* [WHAT TO PRODUCE] Would you transcribe the entries below, beginning at the line with "So what do we" and ending after the line with "Select Use the", exactly, with no picture and nothing more?

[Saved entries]
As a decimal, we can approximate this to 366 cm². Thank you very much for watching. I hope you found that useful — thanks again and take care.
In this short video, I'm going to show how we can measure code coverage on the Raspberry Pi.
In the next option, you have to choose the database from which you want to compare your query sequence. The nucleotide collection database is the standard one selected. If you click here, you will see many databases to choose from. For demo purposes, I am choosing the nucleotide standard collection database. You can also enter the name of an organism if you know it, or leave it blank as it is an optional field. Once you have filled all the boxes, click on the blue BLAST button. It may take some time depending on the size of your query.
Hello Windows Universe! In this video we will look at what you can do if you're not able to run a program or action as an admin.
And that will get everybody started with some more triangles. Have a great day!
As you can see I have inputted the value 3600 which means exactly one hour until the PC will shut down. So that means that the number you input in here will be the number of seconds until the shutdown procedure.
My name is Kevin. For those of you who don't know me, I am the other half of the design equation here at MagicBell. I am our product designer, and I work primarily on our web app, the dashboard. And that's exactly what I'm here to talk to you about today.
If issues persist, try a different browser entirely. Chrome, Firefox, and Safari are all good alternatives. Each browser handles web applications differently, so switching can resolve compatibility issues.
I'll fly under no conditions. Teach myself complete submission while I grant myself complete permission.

==

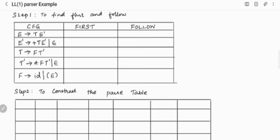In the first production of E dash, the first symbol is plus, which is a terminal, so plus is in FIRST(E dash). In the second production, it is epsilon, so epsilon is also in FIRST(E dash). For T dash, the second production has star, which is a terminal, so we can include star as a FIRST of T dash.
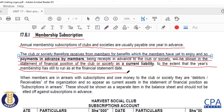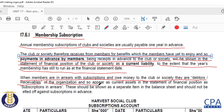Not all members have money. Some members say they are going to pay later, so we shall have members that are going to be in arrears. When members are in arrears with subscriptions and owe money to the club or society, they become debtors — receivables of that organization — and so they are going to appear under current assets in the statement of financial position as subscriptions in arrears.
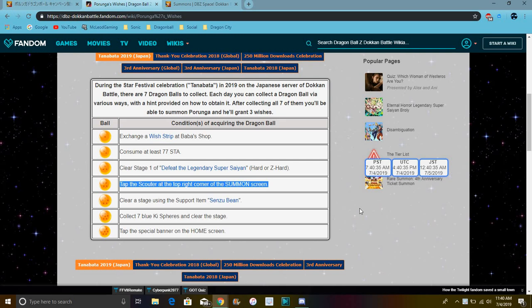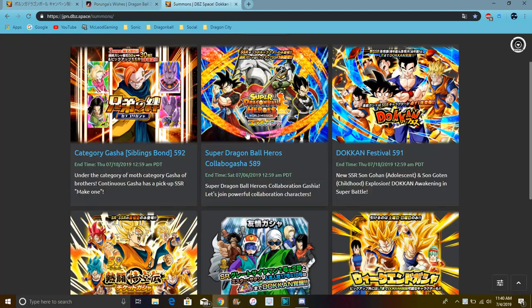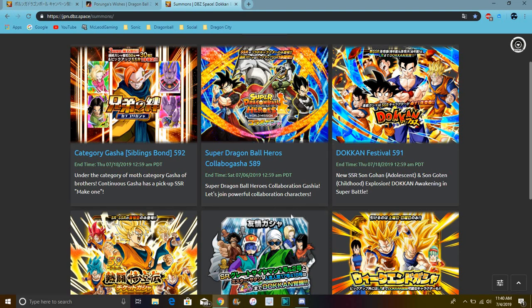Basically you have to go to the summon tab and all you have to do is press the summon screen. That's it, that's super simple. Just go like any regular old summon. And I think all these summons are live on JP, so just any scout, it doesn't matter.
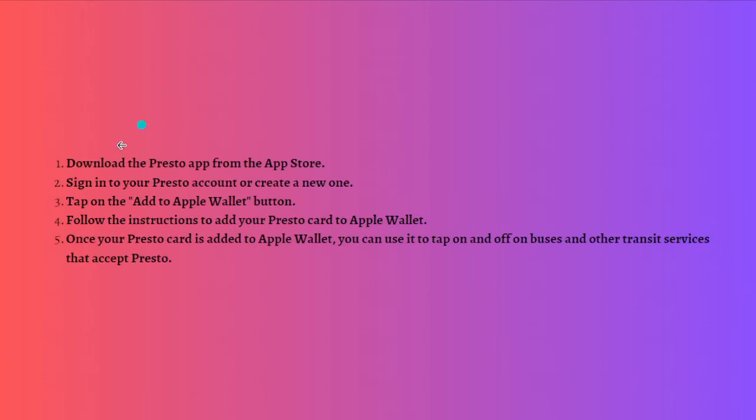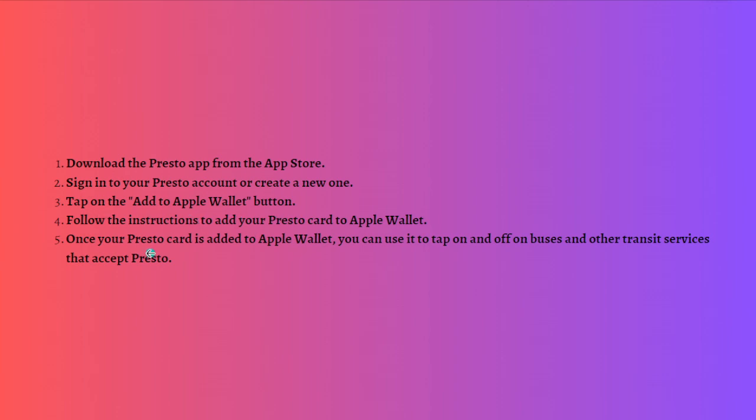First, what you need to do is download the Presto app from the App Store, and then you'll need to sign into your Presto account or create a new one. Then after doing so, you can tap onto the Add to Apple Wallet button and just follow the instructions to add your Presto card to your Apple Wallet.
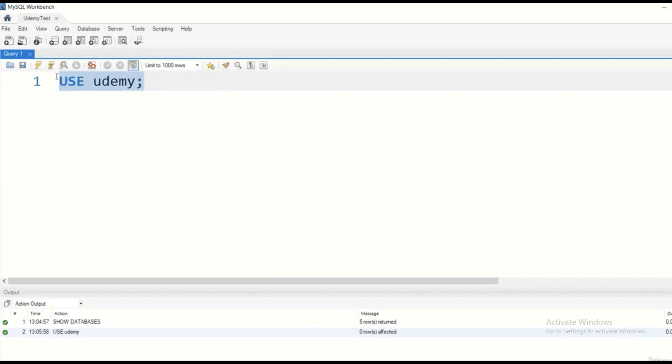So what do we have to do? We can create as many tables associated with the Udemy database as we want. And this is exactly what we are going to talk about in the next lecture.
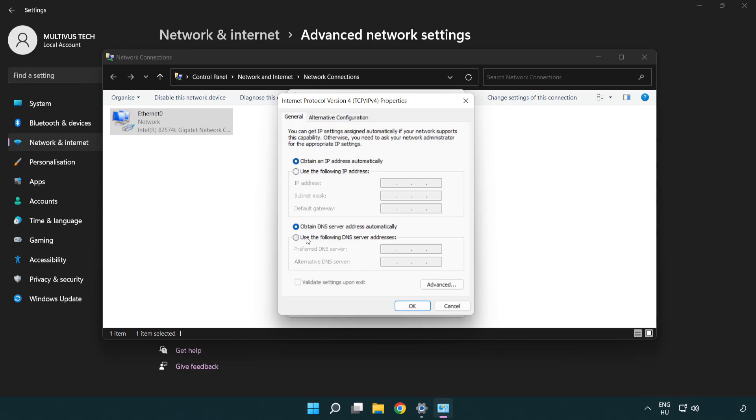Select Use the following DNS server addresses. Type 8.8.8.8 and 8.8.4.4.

* [ANSWER TO THIS PROBLEM]
So what do we have to do? We can create as many tables associated with the Udemy database as we want. And this is exactly what we are going to talk about in the next lecture.
Select Use the following DNS server addresses. Type 8.8.8.8 and 8.8.4.4.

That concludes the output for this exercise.